Alex, Gustavo de Goiânia, Felipe Aragão, Fernando e Eu nos encontramos em um ponto, em Sobradinho, para fazermos um percurso, que poderá até ser o percurso da prova Pedal na Serra desse ano.
Saímos socando a bota. Houve até comentário - me disseram que era um treino light e agora vocês socam a bota. Coisa de DNA.
Descemos o “oito-e-meio” na tora e fomos embora, cada um no vácuo do outro, sem afrouxar o ritmo. Eu, é claro, era o elo mais fraco da corrente. Cinquenta e oito anos contra vinte e seis é covardia. Mas como não me importo com esse negócio de idade biológica, pedalava com todas as minhas forças.

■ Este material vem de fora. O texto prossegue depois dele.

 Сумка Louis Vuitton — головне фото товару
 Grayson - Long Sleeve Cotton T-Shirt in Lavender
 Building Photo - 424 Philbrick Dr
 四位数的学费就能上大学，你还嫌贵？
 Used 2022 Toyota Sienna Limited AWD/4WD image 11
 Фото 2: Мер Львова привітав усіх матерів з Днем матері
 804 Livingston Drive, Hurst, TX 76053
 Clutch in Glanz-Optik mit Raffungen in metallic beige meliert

Lá na frente, descendo o Mogi, depois de uma virada de noventa graus à direita, tomei a dianteira numa estrada estreita e pedregosa. A pista era em descida suave e sinuosa. Estava de última marcha a uns quarenta por hora, de cabeça baixa, girando forte. Quando vi, a uns vinte metros à frente, uma certa de arame farpado de cinco fios com o colchete fechado cruzando a pista, na entrada da trilha, só deu tempo para o reflexo. Ainda bem que eu estava com a bike de competição que tem rodas de cerâmica e pastilhas de freio do mesmo material. Quando freia a coisa para. Mas para mesmo. Foi a sorte. Freei fortemente. Ela levantou a bunda e eu caí de ponta-cabeça. Parei à cinco metros da cerca. O capacete partiu. A bermuda rasgou. O Cateye quebrou a base. O óculos encheu de terra. O ombro direito bateu com muita força no chão e a coxa direita, na altura da cabeça do fêmur, ficou em carne viva, e outros pontos de contusão de menores proporções.

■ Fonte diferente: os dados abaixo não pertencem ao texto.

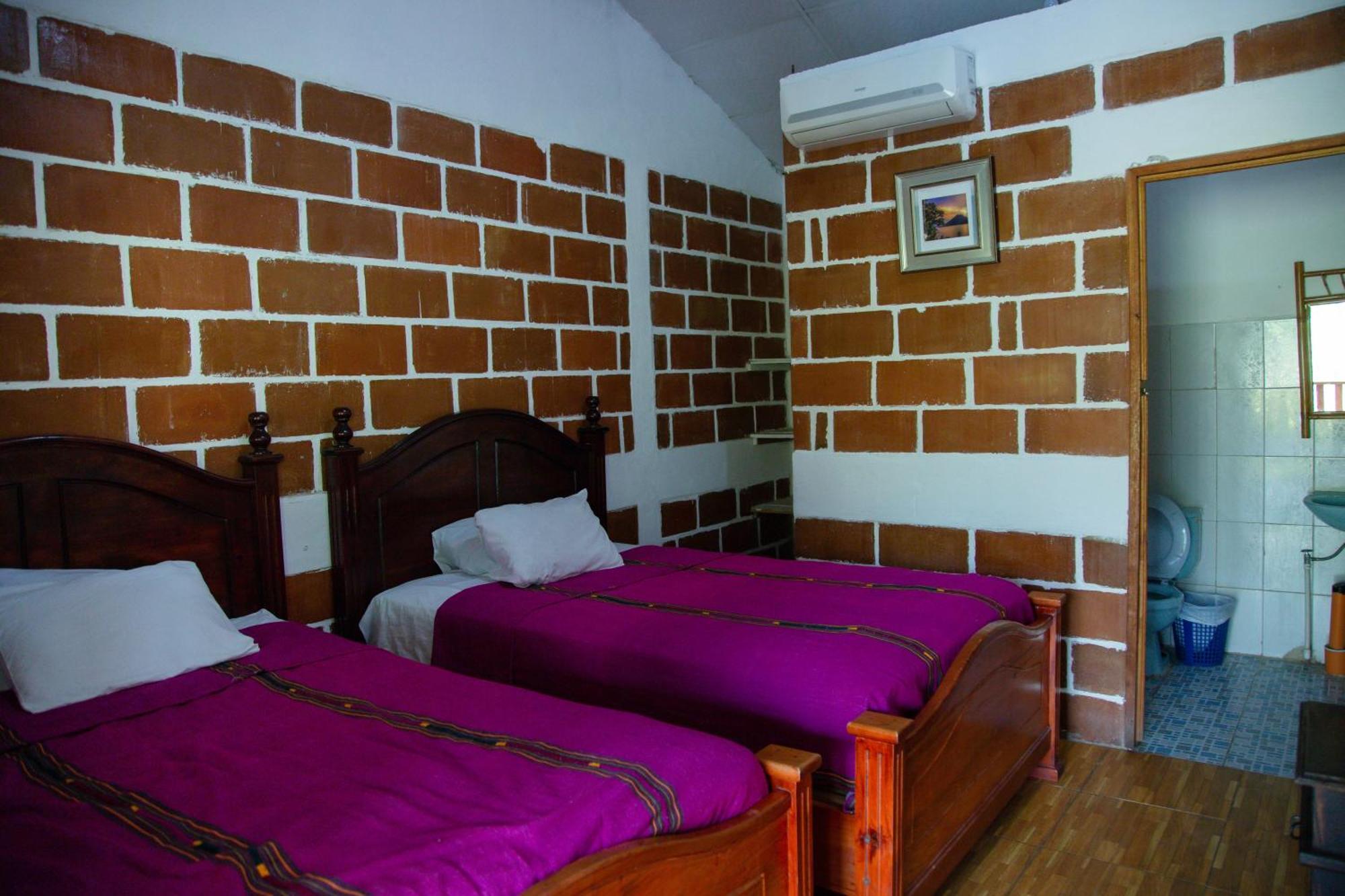 Vinas Hotel Lanquín Esterno foto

Todos os outros ciclistas conseguiram parar antes de passarem por cima de mim e darem o golpe de misericórdia.
O Gustavo, que não me conhecia, ficou dos mais preocupado não querendo me deixar levantar, pedindo para eu esperar um pouco.
Levantei meio atordoado. Mapeei os pontos contundidos. Apalpei para ver se estava tudo emendado. Lavei os óculos. Guardei o Cateye no bolso da blusa e começamos de novo.

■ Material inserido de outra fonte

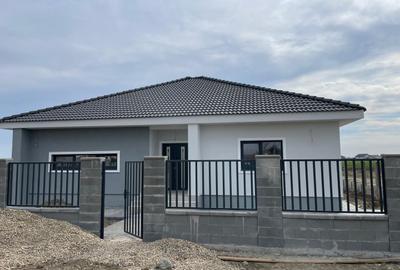 Casă individuală cu 4 camere în Săcălaz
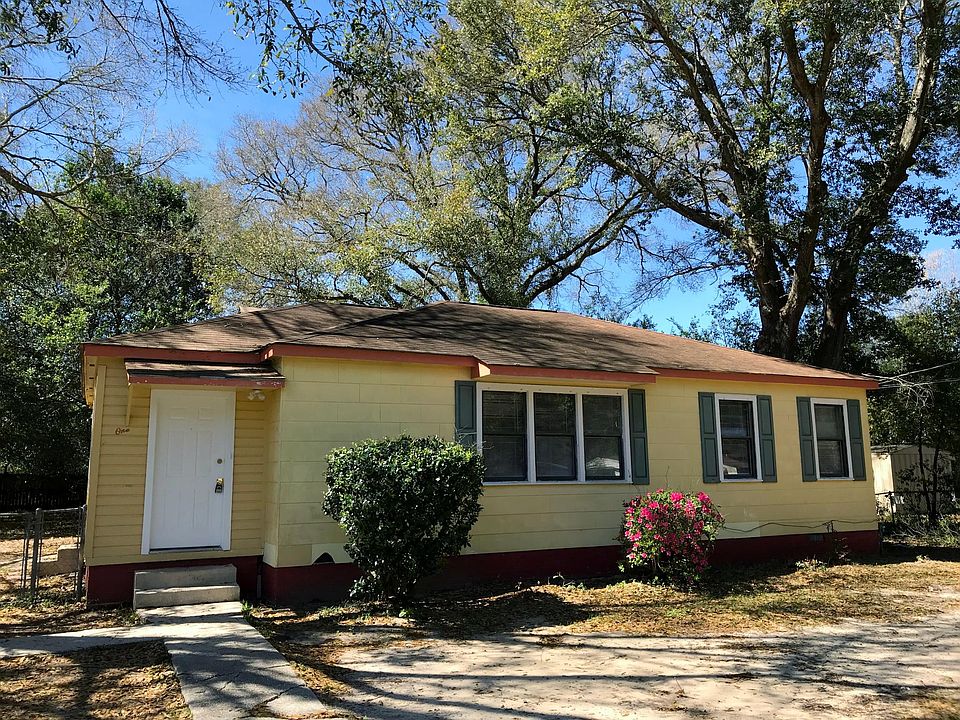 1st image of 1 Forest Park Dr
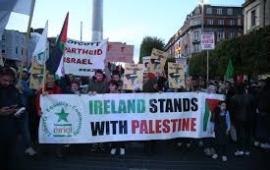 احتجاج في أيرلندا رفضًا لزيارة رئيس الوزراء لترامب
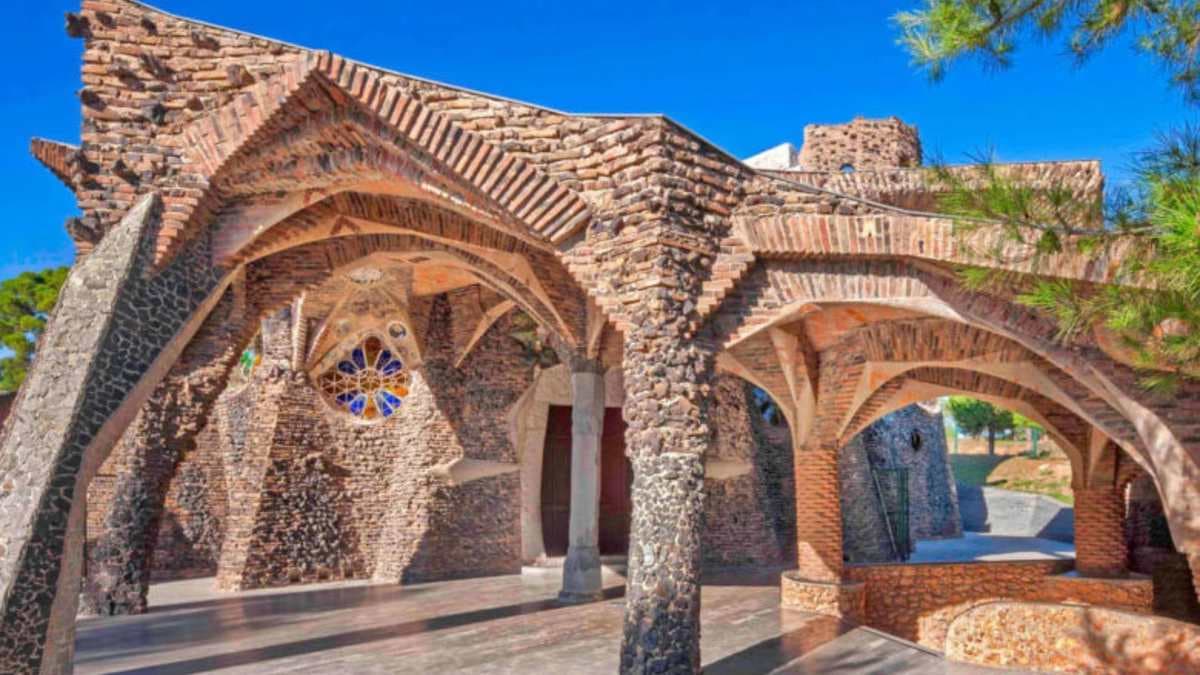 Visita con audioguia a la Cripta Gaudí y a la Colonia Güell 3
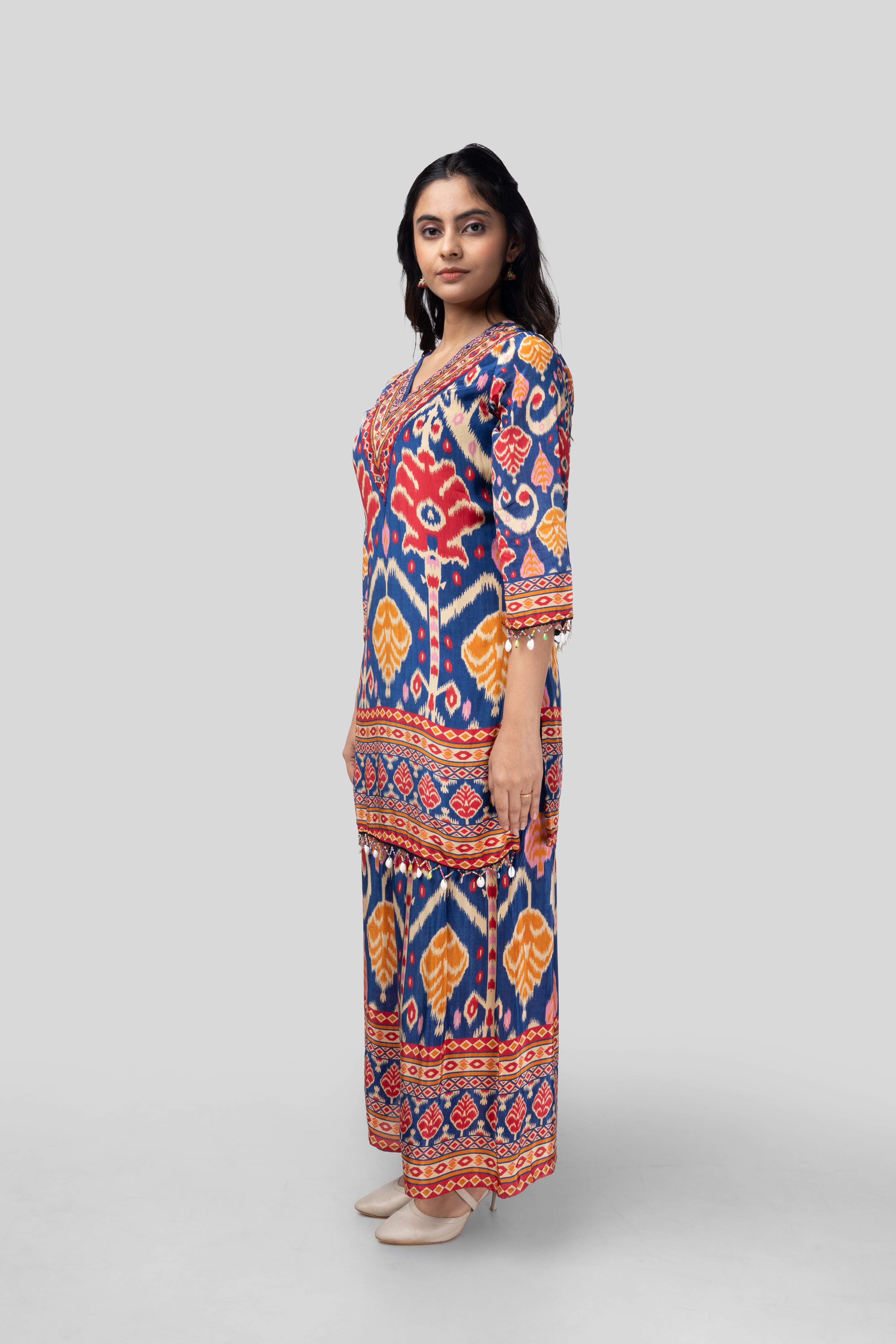 Multicoloured co-ordset with patola print in pure crape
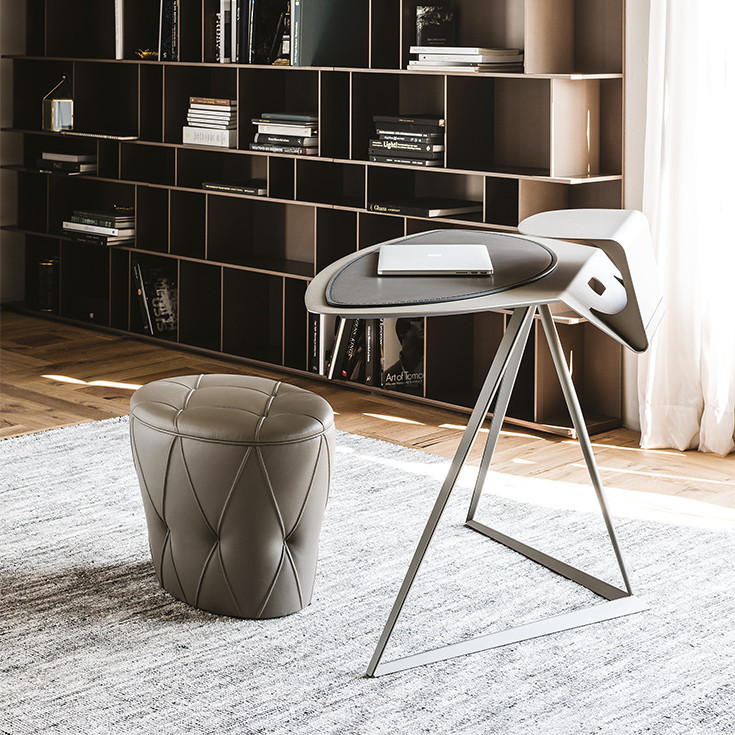 Cattelan: Scrittoio Storm e pouf Pinko
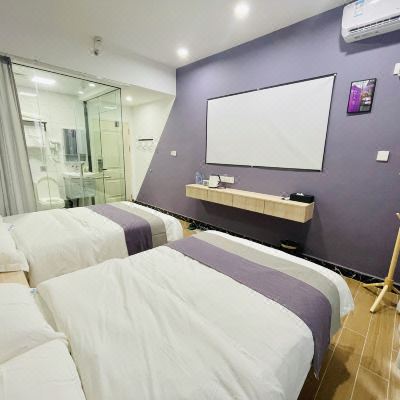 质感观影阳台双床房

No início a coisa ficou meio difícil. Ardia tudo, e o ombro direito estava bem comprometido. Desci uma piramba devagar, mas logo a zonzeira passou e eu tomei o ritmo.
Até aquele momento já tínhamos percorrido dez quilômetros dos oitenta. Por experiência, já sabia que não poderia deixar o sangue esfriar. Se deixasse era caixão.
Esfolado, quebrado, e com tudo ardendo, percorremos os outros setenta quilômetros sem quebrar o ritmo.
Eu sentia uma aparência de clavícula trincada. Não conseguia levantar o braço. Não conseguia pedalar em pé.
Passei a mão no ombro. Não detectei ponta de osso saliente. Apertei. Nada mexeu.
Tocamos para frente.
Desse modo chegamos ao ponto de saída, depois de quatro horas de pedal.
Passei as chaves do carro ao Fernando. Ele ajeitou as coisas e voltamos para casa.
Me banhei lavando as feridas. O braço direito era um zero à esquerda. Não conseguia realizar trabalho algum.
Passei pomada anti-inflamatória nos pontos ralados e Gelol no ombro. Tomei um comprimido de Nimesulida (anti-inflamatório) e fui destruir uma montanha de lasanha que me esperava fumegando.
À noite, fui dormir com o corpo dolorido mas sem sofrimento.
Acordei no dia seguinte zerado, pronto para outros oitenta quilômetros de sobe-e-desce.
O único problema que poderia ter acontecido, se eu não tivesse conseguido parar, seria ter sido degolado pelo arame farpado. Só isso.
Acho que queimei uma vida. Agora só restam seis.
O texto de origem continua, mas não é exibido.